During surgery, systemic inflammatory responses are proportional to surgical stress (i.e. highest in cardiac surgery), with markers like IL-6, IL-10, and TNF-alpha rising quickly, while CRP peaks more slowly. No differences have been observed in inflammatory responses between TIVA and inhaled anesthesia. Postoperative increases in IL-6 and Alzheimer biomarkers correlate with cognitive function decline at three months.

Dr. Scott concluded that surgery is associated with increased blood inflammatory and neural injury biomarkers, proportional to surgical trauma. Baseline risk factors for PND include pre-existing cognitive impairment (indicated by Alzheimer biomarkers such as Aβ42), inflammatory upregulation (evidenced by IL-6 and CRP), and neuronal injury (indicated by NfL). Future directions for research include exploring new biomarkers through metabolomics, which could provide deeper insights into the biochemical changes associated with PND. Despite initial hopes, studies on the use of dexamethasone to mitigate PND have yielded disappointing results, underscoring the need for further investigation into effective interventions.

Roderic Eckenhoff, MD, Austin Lamont Professor of Anesthesia, University of Pennsylvania Perelman School of Medicine, concluded the session by exploring the question of whether anesthetics can influence PND. He noted that studies like RAGA and REGAIN found no difference in delirium incidence between regional and general anesthesia, though sedation during spinal anesthesia could confound results.
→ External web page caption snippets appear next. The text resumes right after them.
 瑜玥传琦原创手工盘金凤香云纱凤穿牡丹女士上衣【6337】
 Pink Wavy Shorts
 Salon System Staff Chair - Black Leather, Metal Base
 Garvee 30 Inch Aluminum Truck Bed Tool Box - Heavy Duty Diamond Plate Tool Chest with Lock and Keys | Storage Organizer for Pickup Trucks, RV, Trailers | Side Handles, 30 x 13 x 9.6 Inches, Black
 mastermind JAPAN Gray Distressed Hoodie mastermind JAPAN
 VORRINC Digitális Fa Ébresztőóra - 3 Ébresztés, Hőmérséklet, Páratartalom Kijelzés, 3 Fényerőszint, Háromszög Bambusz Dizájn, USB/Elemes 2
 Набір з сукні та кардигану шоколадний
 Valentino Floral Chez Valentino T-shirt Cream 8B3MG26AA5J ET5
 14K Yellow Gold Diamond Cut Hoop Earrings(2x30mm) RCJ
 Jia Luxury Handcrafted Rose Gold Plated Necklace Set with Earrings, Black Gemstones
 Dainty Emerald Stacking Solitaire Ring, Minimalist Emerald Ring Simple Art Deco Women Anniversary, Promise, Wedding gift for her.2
The addition of midazolam to propofol for ICU sedation increases delirium incidence, whereas dexmedetomidine appears protective. He also highlighted a fascinating study showing that anesthesia with 1 MAC of sevoflurane for two hours in volunteers aged 40-80 not undergoing surgery resulted in no delirium and rapid cognitive recovery, further reinforcing the idea that surgical trauma is the main driver of PND. Regarding major neurocognitive disorders beyond 30 days, large database studies showed no difference in dementia-free survival between patients who had general or regional anesthesia. Interestingly, patients who underwent appendectomies had a lower incidence of dementia, likely due to confounding factors.

Searching for a common mechanism underlying the potential benefits of propofol and dexmedetomidine, Dr. Eckenhoff pointed to their shared ability to reduce intraneuronal calcium levels. Elevated intraneuronal calcium is associated with neurodegeneration, and both propofol and dexmedetomidine reduce calcium levels, potentially mitigating neurodegeneration. A recent study showed that propofol inhibits RyR-1, whereas inhaled anesthetics can induce it. Interestingly, prescribed brain-permeant calcium channel blockers have been associated with a lower incidence of delirium and dementia. Dantrolene is also a potential therapeutic option for future studies targeting this mechanism.

Dr. Eckenhoff concluded that while results in POD do not always correlate with those in delayed neurocognitive disorder or major neurocognitive disorder, suggesting different underlying mechanisms, there is weak evidence for any class of anesthetics interacting with PND mechanisms to change acute or long-term cognitive outcomes. However, targeting intraneuronal calcium perioperatively may offer a promising approach to reducing PND.

This symposium provided a comprehensive overview of the current understanding and strategies for tracking and preventing perioperative neurocognitive disorders. While nonpharmacological interventions and multicomponent care bundles remain the best practices, there is a need for more research into the effects of different anesthetics and the potential protective effects of targeting intraneuronal calcium. The insights gained from biomarkers and mechanistic studies offer promising avenues for future research and improved patient outcomes.